I'm quite pleased with my Maxtor DiamondMax Plus 9 (ATA/133, 120 GB, 8 MB cache). It's fast and silent; and it wasn't very expensive either.

----------

## Kyrra

Seagate, Western Digital, and Maxtor are all good brand names.  There is also the Hitachi/IBM line; these have become a lot better since the whole "DeathStar" incident a few years back.  From what I've seen, Hitachi will produce hard drives reliable as the other manufactures out there.

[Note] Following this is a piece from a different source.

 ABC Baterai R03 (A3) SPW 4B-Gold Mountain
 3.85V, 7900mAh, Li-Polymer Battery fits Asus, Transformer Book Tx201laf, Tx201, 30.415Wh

There is only one reason I would choose Maxtor over the rest of the competition.  They upped the MTBF (Mean Time Before Failure) on their Desktop drives (SATA/IDE) to be 1 million hours.  This is really amazing, since you normally don't see an MTBF of 1 million hours unless you are dealing with enterprise drives (Fibre channel and such).  Those 1 million hours are from a statistical sample though, so you can only take those numbers with a grain of salt.  But Maxtor has a 3 year warranty on the DiamonMax 10 drive lines, but if you spend an extra $30, you get the MaxLine drives, which have a 5 year warranty on them.  The only thing I can tell that differs between the 2 drives is how they pick them off the assembly line.  They test the MaxLine drives more intensely to make sure there aren't any defects in the drives.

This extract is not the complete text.